Mountain Masquerade: Raulane, Himachal Pradesh

Raulane remains Kalpa’s sacred secret. Each spring, just as winter loosens and Holi fades, the village calls upon the sauni—meadow fairies believed to have kept residents warm and safe through the long freeze. Raulane in Himachal Pradesh is both farewell and thanks: a send-off for spirits who shared their invisible shelter. Chosen men become the raula (groom) and the raulane (bride), in a ceremony locals insist is “more than 5,000 years old”. Their costumes astonish: veiled faces, layered cloth, beads, and metal, with the bride dazzling in silver that spills across half her body. The groom hides behind scarves. To reveal a human face would invite malevolent forces and break the reverence owed to celestial guests. For Manoj Negi, homestay owner, the festival shapes the year. “My family has been celebrating Raulane for generations… We thank them for having stayed with us through the winter and protected us, and then give them a grand send off.”

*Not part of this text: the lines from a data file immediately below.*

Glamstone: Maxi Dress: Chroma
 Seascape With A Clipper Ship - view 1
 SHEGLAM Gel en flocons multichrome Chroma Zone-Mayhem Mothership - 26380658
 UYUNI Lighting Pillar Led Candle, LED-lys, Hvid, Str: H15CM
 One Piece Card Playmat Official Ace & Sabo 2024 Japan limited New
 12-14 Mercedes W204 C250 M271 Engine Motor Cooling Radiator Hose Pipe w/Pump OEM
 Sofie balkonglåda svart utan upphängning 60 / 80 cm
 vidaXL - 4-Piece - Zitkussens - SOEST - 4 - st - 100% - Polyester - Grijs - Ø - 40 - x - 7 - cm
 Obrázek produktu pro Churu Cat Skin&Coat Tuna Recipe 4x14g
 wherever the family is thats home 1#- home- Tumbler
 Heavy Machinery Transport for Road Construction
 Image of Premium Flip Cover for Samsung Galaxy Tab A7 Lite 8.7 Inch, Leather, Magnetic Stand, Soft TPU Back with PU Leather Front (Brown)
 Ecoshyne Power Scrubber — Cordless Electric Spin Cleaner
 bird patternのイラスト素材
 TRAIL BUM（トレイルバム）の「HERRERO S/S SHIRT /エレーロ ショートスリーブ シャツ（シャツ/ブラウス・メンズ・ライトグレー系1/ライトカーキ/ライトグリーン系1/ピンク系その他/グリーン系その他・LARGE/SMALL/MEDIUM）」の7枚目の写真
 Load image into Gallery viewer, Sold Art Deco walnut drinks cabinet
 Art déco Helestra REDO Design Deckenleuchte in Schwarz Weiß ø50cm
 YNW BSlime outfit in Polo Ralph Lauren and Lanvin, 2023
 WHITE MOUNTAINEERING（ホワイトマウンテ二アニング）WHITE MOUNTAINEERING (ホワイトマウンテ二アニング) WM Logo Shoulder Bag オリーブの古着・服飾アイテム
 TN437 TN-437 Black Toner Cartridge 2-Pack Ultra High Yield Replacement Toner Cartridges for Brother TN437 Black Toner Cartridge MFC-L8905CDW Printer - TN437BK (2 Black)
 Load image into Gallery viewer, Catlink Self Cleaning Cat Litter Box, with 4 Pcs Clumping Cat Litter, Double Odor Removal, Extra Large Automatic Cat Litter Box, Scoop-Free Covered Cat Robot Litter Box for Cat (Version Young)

Raulane is also an invocation for prosperity. There are elements that tie it to tradition; laugh out loud when the raulane performs, and you invite good luck. Stay silent when the raula demands, and whisper a prayer when everyone does.

- Shikha Tripathi

Harvest Longings: Mopin, Arunachal Pradesh

Felix Anthony, a priest in Arunachal Pradesh, speaks with quiet pride about the region’s cultural rhythm. “Northeast India—and Arunachal Pradesh in particular—is truly a land of festivals,” he says. “With more than a hundred indigenous tribes, almost every month of the year is marked by a celebration.” Among them, he highlights Mopin, celebrated by the Galo tribe in early April as the Galo New Year and the start of the agricultural cycle, rooted in the animistic belief system of Donyi-Polo, and centred on Mopin Ane, the goddess of fertility and abundance.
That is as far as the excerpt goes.